**Task requirements**
Copy nothing but the lines below running from the line containing "el único país" through the line containing "2021 Toyota Camry Gallery Image 3", both end lines included.
#### Available data
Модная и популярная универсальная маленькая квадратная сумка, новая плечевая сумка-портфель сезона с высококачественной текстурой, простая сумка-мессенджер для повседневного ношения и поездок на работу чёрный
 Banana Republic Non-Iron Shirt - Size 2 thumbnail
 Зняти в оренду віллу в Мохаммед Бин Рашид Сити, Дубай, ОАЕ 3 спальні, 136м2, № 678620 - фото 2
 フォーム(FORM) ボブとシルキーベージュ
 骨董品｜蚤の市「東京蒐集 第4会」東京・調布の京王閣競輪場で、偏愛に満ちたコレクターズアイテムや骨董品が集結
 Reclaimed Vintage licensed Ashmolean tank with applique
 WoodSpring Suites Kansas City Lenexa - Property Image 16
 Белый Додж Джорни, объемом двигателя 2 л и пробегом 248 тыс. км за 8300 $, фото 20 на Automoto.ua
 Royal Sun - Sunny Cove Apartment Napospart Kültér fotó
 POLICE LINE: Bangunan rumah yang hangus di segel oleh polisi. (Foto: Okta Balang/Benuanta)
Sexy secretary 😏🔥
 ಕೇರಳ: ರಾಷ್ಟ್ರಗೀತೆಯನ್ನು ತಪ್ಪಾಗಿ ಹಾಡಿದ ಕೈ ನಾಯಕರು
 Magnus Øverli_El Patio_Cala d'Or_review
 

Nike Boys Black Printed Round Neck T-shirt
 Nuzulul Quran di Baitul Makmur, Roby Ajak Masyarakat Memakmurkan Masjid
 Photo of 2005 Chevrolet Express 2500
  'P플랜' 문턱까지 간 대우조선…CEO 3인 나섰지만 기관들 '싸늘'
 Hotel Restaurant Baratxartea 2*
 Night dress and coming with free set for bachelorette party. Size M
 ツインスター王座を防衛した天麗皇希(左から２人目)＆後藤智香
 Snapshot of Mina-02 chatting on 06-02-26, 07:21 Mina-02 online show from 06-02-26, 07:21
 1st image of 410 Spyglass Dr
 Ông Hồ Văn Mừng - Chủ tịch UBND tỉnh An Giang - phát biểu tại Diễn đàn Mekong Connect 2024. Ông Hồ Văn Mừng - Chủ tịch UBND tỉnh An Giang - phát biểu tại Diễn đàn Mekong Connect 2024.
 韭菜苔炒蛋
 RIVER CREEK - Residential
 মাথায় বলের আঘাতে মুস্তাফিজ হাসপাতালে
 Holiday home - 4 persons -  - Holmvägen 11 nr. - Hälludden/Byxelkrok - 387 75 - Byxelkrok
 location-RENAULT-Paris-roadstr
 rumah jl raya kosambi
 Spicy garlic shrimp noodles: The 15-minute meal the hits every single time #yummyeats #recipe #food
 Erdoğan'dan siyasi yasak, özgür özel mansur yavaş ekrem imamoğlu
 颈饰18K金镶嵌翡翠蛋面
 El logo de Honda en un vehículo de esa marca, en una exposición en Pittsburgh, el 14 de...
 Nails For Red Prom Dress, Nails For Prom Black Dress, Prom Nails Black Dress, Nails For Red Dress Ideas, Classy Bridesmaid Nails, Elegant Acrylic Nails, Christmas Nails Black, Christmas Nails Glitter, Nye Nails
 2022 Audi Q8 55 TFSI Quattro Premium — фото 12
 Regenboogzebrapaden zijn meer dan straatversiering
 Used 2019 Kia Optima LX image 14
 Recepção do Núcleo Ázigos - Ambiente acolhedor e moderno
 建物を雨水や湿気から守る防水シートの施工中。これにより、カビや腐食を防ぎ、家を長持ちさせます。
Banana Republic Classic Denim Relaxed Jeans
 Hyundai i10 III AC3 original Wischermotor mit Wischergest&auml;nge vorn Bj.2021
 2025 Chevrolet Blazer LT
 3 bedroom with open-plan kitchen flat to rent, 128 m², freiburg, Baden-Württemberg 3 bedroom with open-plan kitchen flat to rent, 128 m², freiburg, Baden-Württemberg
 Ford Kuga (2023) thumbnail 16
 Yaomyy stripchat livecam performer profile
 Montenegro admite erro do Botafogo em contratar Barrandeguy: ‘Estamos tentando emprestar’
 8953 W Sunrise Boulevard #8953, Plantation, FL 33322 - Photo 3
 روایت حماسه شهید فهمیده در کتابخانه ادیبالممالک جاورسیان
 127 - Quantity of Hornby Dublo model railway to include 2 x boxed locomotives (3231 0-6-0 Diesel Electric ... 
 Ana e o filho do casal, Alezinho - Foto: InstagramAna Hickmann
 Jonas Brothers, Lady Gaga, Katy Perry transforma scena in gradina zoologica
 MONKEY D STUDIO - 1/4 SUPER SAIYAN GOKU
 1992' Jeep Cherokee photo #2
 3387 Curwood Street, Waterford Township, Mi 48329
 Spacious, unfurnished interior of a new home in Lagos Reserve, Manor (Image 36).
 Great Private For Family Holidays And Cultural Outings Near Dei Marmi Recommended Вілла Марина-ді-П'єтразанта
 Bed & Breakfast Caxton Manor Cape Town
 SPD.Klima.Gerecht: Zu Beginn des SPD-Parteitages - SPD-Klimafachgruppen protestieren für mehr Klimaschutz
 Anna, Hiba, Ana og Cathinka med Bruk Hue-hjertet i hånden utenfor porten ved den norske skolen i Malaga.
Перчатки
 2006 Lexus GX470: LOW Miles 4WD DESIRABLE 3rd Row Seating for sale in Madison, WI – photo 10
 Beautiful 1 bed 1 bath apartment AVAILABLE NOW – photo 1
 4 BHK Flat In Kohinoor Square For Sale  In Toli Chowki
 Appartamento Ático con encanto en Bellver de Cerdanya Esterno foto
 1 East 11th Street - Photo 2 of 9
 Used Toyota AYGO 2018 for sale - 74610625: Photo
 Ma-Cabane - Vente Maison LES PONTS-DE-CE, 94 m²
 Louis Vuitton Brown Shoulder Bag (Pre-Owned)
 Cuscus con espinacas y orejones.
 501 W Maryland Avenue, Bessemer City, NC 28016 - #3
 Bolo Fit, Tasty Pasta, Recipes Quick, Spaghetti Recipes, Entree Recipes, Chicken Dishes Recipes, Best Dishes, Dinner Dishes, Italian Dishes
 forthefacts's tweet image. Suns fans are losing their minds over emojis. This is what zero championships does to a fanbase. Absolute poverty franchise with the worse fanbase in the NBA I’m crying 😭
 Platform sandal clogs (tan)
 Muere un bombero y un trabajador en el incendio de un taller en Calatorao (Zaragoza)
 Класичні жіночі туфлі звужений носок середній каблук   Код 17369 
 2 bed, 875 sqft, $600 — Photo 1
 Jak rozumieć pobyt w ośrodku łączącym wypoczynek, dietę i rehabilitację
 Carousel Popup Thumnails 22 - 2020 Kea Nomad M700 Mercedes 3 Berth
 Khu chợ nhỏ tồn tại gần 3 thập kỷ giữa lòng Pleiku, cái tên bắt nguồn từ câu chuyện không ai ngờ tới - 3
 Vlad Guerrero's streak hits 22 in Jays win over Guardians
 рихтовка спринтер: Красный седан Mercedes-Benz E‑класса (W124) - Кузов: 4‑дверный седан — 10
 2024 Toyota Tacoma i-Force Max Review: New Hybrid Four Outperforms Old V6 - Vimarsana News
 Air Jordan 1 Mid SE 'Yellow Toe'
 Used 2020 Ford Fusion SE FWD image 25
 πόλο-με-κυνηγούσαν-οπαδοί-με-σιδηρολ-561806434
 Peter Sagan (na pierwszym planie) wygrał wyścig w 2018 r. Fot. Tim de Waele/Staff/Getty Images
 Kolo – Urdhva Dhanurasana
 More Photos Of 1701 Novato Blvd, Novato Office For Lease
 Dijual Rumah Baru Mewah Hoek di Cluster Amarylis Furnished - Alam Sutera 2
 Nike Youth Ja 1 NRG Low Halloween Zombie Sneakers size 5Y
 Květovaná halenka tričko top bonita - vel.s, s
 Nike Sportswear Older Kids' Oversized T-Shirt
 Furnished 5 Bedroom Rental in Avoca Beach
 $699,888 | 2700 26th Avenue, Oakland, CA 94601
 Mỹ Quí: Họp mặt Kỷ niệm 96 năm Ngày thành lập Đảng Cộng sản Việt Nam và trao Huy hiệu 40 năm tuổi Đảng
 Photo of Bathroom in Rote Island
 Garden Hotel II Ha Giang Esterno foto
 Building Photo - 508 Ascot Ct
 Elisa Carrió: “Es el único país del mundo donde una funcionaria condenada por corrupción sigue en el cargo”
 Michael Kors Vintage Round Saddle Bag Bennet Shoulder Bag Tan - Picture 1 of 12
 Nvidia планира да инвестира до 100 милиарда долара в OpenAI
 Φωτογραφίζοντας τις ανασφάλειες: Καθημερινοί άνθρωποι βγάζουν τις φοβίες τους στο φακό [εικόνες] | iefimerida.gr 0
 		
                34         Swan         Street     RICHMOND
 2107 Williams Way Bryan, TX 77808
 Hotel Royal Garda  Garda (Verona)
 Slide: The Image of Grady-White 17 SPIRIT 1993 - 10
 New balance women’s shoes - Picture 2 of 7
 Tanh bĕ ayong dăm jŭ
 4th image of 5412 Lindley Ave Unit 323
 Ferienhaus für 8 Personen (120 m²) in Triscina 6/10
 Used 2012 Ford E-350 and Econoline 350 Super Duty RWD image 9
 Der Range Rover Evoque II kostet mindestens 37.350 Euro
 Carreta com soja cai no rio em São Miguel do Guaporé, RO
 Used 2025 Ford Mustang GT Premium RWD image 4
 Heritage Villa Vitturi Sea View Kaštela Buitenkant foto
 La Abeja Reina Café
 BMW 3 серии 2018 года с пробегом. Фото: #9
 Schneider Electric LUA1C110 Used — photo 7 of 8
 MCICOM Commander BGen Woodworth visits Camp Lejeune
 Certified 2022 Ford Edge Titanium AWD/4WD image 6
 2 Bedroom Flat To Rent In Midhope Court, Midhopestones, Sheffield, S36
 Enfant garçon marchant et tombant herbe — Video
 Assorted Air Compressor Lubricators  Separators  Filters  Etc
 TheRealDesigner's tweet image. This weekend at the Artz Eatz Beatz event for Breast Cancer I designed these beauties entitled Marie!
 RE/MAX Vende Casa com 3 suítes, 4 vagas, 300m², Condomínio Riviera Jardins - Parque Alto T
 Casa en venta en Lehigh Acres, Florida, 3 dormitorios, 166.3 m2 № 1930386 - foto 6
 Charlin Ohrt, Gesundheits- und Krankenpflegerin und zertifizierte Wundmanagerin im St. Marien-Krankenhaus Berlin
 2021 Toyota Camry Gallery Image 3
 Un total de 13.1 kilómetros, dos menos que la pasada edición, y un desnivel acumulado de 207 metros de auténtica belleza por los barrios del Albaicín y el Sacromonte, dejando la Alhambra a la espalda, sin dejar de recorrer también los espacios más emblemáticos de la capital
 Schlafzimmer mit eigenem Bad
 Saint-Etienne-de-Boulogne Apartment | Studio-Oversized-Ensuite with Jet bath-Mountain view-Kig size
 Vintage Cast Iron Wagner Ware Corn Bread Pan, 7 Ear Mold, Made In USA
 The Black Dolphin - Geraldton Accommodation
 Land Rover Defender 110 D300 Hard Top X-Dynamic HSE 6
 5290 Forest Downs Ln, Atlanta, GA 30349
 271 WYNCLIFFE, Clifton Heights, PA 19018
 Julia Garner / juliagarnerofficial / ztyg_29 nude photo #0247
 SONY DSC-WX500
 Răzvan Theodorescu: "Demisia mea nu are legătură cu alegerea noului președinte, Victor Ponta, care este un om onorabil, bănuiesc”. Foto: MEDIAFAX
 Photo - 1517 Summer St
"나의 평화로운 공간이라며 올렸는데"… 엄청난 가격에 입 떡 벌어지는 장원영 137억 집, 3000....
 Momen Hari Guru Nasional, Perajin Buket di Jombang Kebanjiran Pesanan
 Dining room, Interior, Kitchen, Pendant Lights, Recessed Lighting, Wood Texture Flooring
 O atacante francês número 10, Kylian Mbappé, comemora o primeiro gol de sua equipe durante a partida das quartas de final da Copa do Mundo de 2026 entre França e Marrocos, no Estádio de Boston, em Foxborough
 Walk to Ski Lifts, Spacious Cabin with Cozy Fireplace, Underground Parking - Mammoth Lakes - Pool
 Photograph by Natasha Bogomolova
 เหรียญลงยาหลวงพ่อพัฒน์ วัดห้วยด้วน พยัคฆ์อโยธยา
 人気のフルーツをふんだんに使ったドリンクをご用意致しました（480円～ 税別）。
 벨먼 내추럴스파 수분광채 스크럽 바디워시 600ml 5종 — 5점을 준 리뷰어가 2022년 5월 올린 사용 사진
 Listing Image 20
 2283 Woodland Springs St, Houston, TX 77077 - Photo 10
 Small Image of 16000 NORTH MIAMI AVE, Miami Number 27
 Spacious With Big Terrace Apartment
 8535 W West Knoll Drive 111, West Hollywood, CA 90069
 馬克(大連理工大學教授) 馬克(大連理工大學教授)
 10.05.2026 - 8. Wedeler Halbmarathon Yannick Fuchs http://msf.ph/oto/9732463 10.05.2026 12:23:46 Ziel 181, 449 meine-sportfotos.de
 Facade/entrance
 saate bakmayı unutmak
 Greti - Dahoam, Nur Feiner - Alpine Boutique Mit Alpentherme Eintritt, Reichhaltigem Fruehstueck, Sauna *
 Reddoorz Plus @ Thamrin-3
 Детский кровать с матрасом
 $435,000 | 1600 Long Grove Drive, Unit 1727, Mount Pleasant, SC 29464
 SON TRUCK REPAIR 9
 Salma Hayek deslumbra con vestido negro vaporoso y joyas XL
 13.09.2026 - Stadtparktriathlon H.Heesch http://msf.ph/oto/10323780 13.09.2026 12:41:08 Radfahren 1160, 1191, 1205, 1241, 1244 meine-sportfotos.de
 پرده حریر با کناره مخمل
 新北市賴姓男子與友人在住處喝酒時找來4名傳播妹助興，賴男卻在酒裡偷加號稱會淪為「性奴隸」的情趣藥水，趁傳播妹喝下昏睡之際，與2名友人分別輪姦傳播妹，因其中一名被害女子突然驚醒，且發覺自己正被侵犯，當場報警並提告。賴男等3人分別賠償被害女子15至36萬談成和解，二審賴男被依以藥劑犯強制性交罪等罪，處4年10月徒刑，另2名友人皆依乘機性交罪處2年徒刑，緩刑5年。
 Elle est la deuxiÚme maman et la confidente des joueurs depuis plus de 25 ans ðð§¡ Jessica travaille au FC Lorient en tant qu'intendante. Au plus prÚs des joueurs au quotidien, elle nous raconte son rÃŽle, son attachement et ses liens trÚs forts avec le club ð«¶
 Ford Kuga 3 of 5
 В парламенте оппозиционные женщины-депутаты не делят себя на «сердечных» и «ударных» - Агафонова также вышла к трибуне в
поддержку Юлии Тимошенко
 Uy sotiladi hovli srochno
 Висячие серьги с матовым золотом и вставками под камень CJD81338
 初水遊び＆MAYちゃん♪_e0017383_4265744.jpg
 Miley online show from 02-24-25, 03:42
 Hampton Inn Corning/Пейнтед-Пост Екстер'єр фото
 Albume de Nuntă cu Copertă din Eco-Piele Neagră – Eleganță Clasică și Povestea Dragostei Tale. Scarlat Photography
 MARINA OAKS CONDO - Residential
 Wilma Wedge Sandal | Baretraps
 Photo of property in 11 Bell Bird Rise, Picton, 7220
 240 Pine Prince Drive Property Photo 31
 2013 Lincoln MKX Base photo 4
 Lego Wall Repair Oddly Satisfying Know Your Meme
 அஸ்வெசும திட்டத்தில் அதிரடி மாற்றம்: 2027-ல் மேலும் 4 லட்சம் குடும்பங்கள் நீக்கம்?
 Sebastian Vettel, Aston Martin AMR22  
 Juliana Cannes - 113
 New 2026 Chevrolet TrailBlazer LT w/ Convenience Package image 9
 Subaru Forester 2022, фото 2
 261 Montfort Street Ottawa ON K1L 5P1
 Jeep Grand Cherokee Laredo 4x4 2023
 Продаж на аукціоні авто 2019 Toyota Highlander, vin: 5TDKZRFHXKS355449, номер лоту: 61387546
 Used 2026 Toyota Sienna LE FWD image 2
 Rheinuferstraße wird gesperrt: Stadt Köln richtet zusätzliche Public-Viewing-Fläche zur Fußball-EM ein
########
**Response for this exercise**
 Elisa Carrió: “Es el único país del mundo donde una funcionaria condenada por corrupción sigue en el cargo”
 Michael Kors Vintage Round Saddle Bag Bennet Shoulder Bag Tan - Picture 1 of 12
 Nvidia планира да инвестира до 100 милиарда долара в OpenAI
 Φωτογραφίζοντας τις ανασφάλειες: Καθημερινοί άνθρωποι βγάζουν τις φοβίες τους στο φακό [εικόνες] | iefimerida.gr 0
 		
                34         Swan         Street     RICHMOND
 2107 Williams Way Bryan, TX 77808
 Hotel Royal Garda  Garda (Verona)
 Slide: The Image of Grady-White 17 SPIRIT 1993 - 10
 New balance women’s shoes - Picture 2 of 7
 Tanh bĕ ayong dăm jŭ
 4th image of 5412 Lindley Ave Unit 323
 Ferienhaus für 8 Personen (120 m²) in Triscina 6/10
 Used 2012 Ford E-350 and Econoline 350 Super Duty RWD image 9
 Der Range Rover Evoque II kostet mindestens 37.350 Euro
 Carreta com soja cai no rio em São Miguel do Guaporé, RO
 Used 2025 Ford Mustang GT Premium RWD image 4
 Heritage Villa Vitturi Sea View Kaštela Buitenkant foto
 La Abeja Reina Café
 BMW 3 серии 2018 года с пробегом. Фото: #9
 Schneider Electric LUA1C110 Used — photo 7 of 8
 MCICOM Commander BGen Woodworth visits Camp Lejeune
 Certified 2022 Ford Edge Titanium AWD/4WD image 6
 2 Bedroom Flat To Rent In Midhope Court, Midhopestones, Sheffield, S36
 Enfant garçon marchant et tombant herbe — Video
 Assorted Air Compressor Lubricators  Separators  Filters  Etc
 TheRealDesigner's tweet image. This weekend at the Artz Eatz Beatz event for Breast Cancer I designed these beauties entitled Marie!
 RE/MAX Vende Casa com 3 suítes, 4 vagas, 300m², Condomínio Riviera Jardins - Parque Alto T
 Casa en venta en Lehigh Acres, Florida, 3 dormitorios, 166.3 m2 № 1930386 - foto 6
 Charlin Ohrt, Gesundheits- und Krankenpflegerin und zertifizierte Wundmanagerin im St. Marien-Krankenhaus Berlin
 2021 Toyota Camry Gallery Image 3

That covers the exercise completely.